İstanbul'daki riskli binaların bir kısmını dönüştürdüklerini, eğitim ve sağlık yapıları dahil olmak üzere kamu binalarının depreme dayanıklılığını artırdıklarını işaret eden Kurum, "2012 yılından bu yana, 6306 sayılı Kanun'un yürürlüğe girmesiyle, İstanbul'un her bir ilçesinde kentsel dönüşüm faaliyetlerimizi kararlılıkla sürdürüyoruz. Bu kapsamda 505 bin bağımsız bölümün yıkımını gerçekleştirdik. Ve bugüne kadar bakanlık ve özel sektörle birlikte 903 bin bağımsız bölümün dönüşümünü tamamladık. Şu anda da 181 bin bağımsız bölümün dönüşüm çalışmalarına devam ediyoruz. Bugün İstanbul'umuzda; dönüşümü sokak sokak, mahalle mahalle, ilçe ilçe sürdürüyoruz. İşte Kağıthane'ye gittiğinizde bizim eserimizi görürsünüz. Güngören Tozkoparan'da, Gaziosmanpaşa’da, Üsküdar Ferah ve Kirazlıtepe mahallelerinde süratle devam eden deprem dönüşüm çalışmalarımıza şahit olursunuz. Ümraniye’de, Bağcılar’da, Kağıthane’de, Ateşehir Şerif Ali Çiftliğinde, kangrene dönmüş sorunların çözüldüğü Fikirtepe’de, sarı çizmeleriyle, beyaz baretleriyle bizim arkadaşlarımızı görürsünüz. Yine Esenler'imizdeki rezerv alanda, 60 bin konutluk dünyaya örnek dönüşüm projemize devam ediyoruz. Beykoz Tokatköy’de, Beyoğlu Okmeydanı'nda dönüşümün en güzel örneklerini gösteriyoruz. Bu süreçte, devlet olarak her zaman vatandaşlarımızın yanında oluyoruz. 2012 yılından bu yana, sadece İstanbul'da 15,5 milyar liralık kira yardımı olmak üzere toplamda 132 milyar lira destek ödemesi yaptık. Bu destekler, İstanbul’u daha güvenli ve sağlıklı bir şehir haline getirme yolunda kararlılıkla attığımız adımların bir göstergesidir" dedi.
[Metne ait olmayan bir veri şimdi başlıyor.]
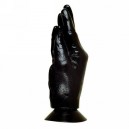 FALLO IN SILICONE 20 CM. ALL BLACK SERIES "FISTING HAND"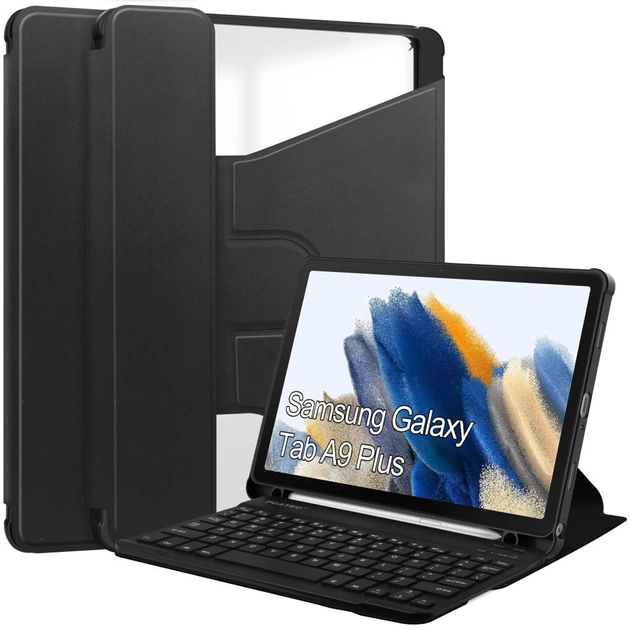 Чохол до планшета BeCover Keyboard 360° Rotatable Samsung Tab A9 Plus SM-X210/SM-X215/SM-X216 11.0" Black (710329) - зображення 1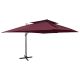 Parasol ogrodowy Cantilever z podwójnym blatem Bordeaux Red 400x300 cm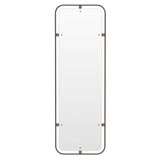 Nimbus Rectangular Mirror: Bronzed Brass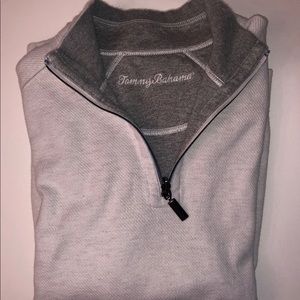 Tommy Bahama Reversible Quarter-Zip Sweater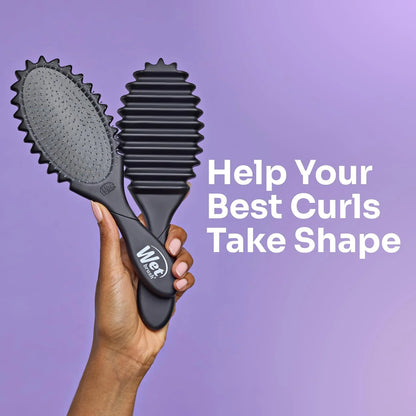 Wet Brush Curl Shaper Detangler Brush, Purple, Made for Women, Men & Kids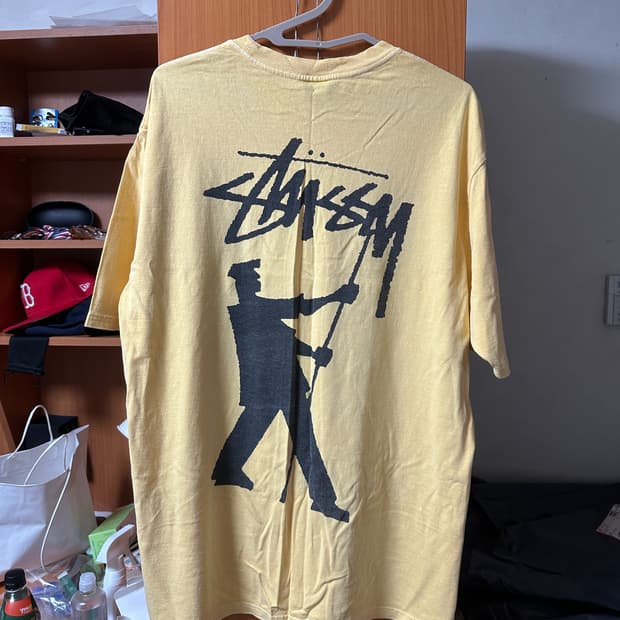 스투시 Stussy 페인터 다이드 티셔츠 [L]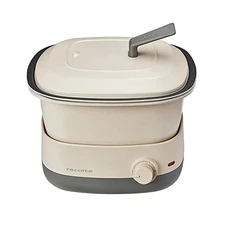 recolte Pot Duo Carre Electric Pot RPD-4 W 5-in-1 for Grilling Deep Frying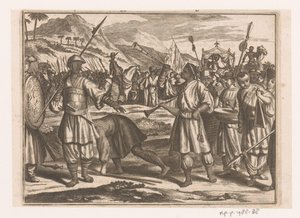 Reception of Vasco da Gama by the Samorijn by Gonsales Appelmans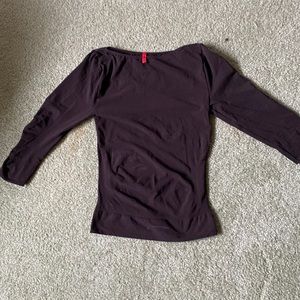 SPANX 2X shapewear top, below elbow, brown.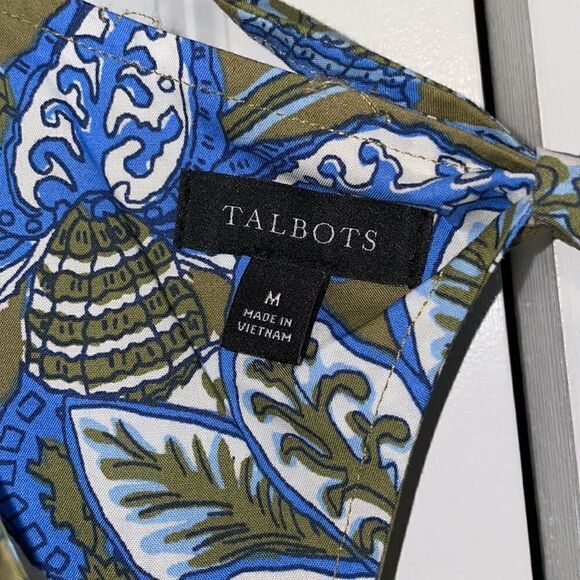 Talbots TIE BACK TOP - LIVELY FLORAL size medium - Picture 4 of 11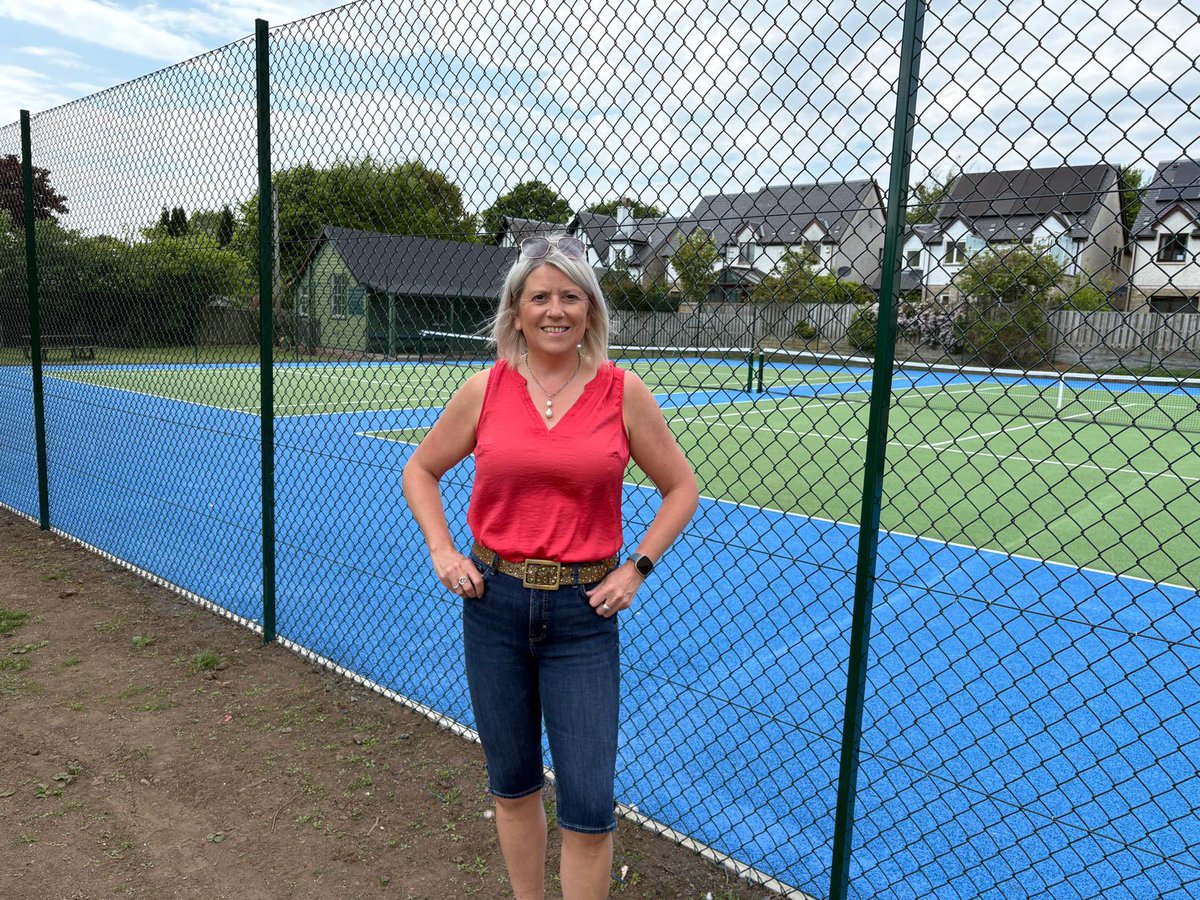 SueJWebber's tweet image. Juniper Green tennis courts open following community-driven renovations – The City of Edinburgh Council edinburgh.gov.uk/news/article/1…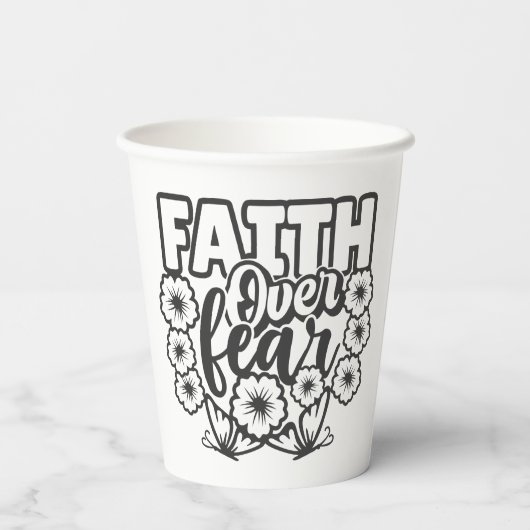 Papierkop Papieren Bekers (Achterkant)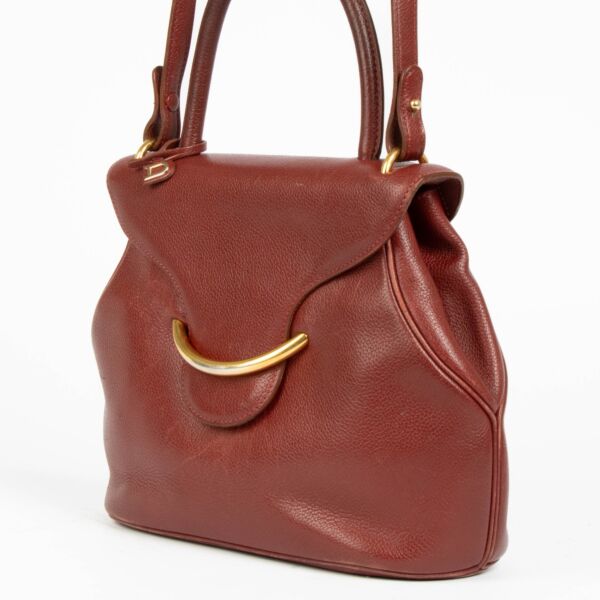 Delvaux Red Trotteur Baltimore PM Bag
Bakan Kurum, İstanbul'da kentsel dönüşüm uygulamalarını hızlandırmak amacıyla geçen yıl başlatılan 'Yarısı Bizden Kampanyası'na ilişkin de şunları kaydetti:
"Yarısı Bizden Kampanyamızda; 2,5 ayda tam 1 milyon 225 bin bağımsız bölüme ilişkin başvuru aldık. Projelerimizi, vatandaşlarımızla el ele vererek bitiriyoruz. Şimdi vatandaşımızın ihtiyaç duyduğu bazı iyileştirmeleri yapıyoruz; Yarısı Bizden'de yeni başvuru dönemini başlattık. Artık Yarısı Bizden'de tarih kısıtlamasını tamamen kaldırdık; 39 ilçemizde, vatandaşımızın süresiz başvuru yapmasının önünü açtık. Proje kapsamında hak sahiplerine 700 bin lirası hibe, 700 bin lirası kredi ve 100 bin lirası da tahliye desteği olmak üzere toplam 1,5 milyon liralık destek veriyoruz. Kredi geri ödemeleri ise yapı ruhsatının alınmasından 2 yıl sonra başlıyor. 10 yıl vadeli kredinin ödemesinin başladığı ilk yıl da faiz uygulanmıyor. Yine, yeni üretilecek projelerde, otopark ve sığınak alanlarını proje metrekaresinin dışında tutuyoruz. Hiçbir kardeşimizin, hak kaybı yaşamasına izin vermiyoruz. Yüklenici firmalarımız için de bir iyileştirme yapıyoruz. Söz konusu firmalarımıza işe başladıkları anda sözleşme bedelinin yüzde 30'unu hemen ödüyoruz. Böylece işi olabildiğince hızlandırıyoruz. Biz Yarısı Bizden Kampanyası ile hep birlikte İstanbul’umuzu en kısa sürede depreme, tüm afetlere hazırlıklı hale getireceğiz."